> _WHAT THE EXERCISE ASKS_
Please give back word for word the lines of the material below between the line containing "Logo template for" and the line containing "Women's Small Cotton", inclusive.

> _INPUT MATERIAL_
......

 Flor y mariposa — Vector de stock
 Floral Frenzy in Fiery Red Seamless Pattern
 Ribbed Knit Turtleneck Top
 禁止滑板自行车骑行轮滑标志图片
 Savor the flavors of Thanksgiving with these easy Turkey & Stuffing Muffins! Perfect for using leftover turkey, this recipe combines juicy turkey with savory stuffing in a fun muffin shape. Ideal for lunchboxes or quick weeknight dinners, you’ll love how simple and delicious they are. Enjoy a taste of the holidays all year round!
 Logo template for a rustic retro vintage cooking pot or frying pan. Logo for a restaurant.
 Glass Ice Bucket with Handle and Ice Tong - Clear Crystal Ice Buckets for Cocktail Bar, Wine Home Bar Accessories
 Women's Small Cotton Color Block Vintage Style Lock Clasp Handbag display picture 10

......

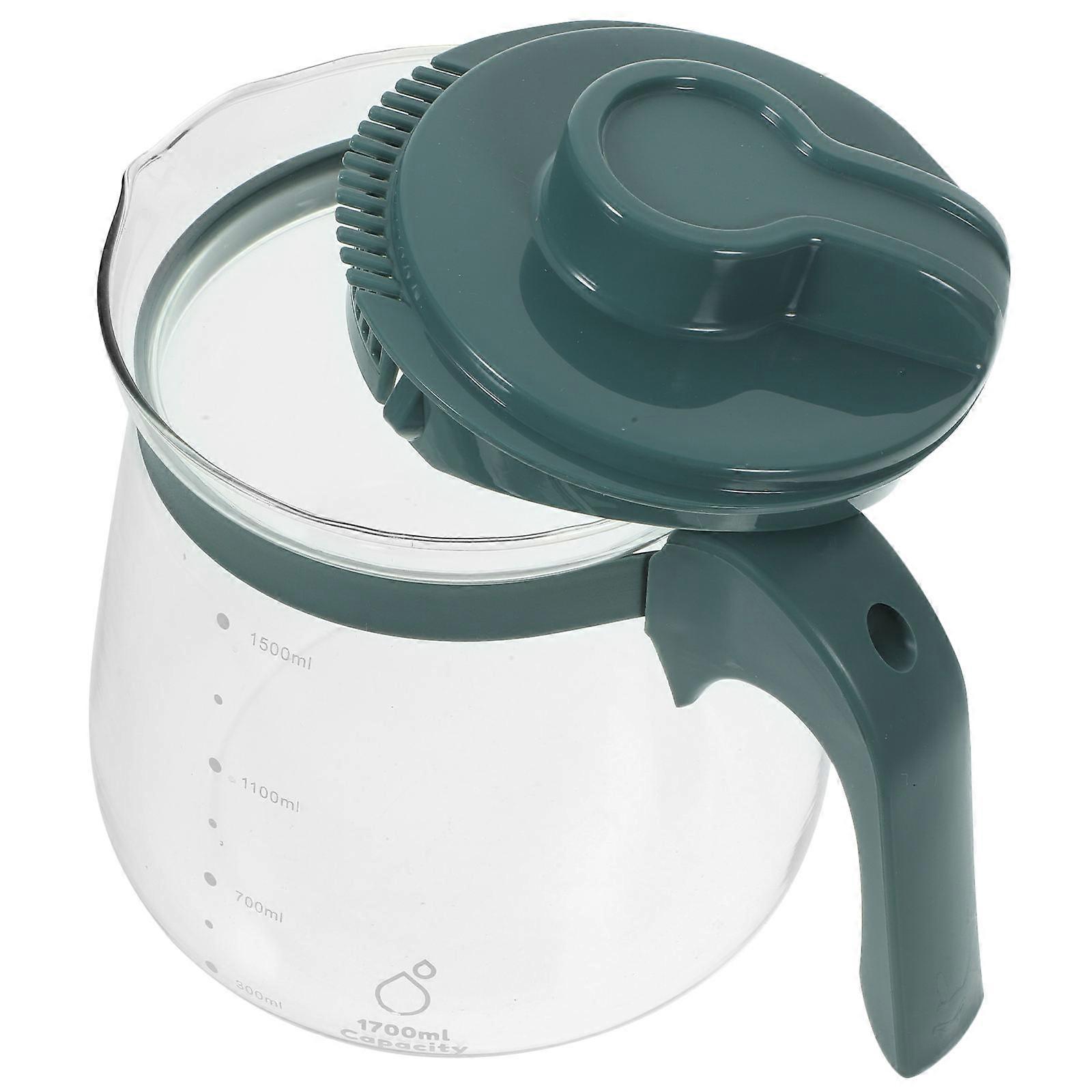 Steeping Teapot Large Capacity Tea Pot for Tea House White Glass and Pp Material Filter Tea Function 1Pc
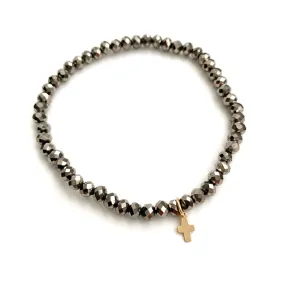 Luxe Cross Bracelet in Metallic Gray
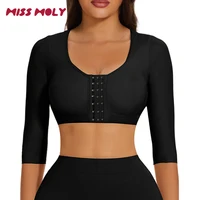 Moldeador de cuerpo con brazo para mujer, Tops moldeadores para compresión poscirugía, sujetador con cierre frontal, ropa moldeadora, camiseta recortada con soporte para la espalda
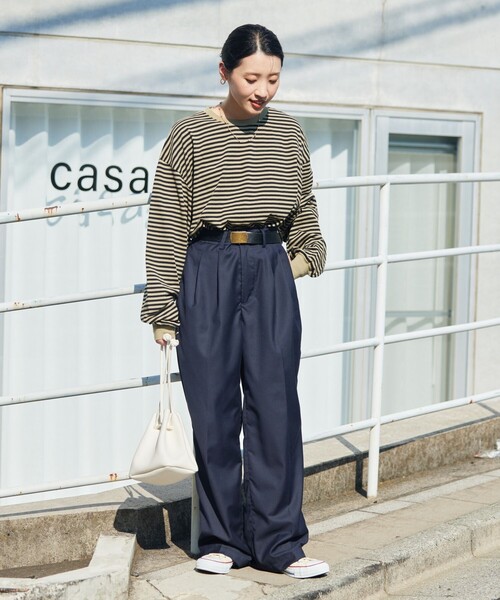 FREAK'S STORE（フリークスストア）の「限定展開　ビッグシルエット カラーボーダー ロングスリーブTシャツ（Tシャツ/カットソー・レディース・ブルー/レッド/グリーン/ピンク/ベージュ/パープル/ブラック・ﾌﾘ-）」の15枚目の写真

......

> _REPLY TO THE TASK_
 Logo template for a rustic retro vintage cooking pot or frying pan. Logo for a restaurant.
 Glass Ice Bucket with Handle and Ice Tong - Clear Crystal Ice Buckets for Cocktail Bar, Wine Home Bar Accessories
 Women's Small Cotton Color Block Vintage Style Lock Clasp Handbag display picture 10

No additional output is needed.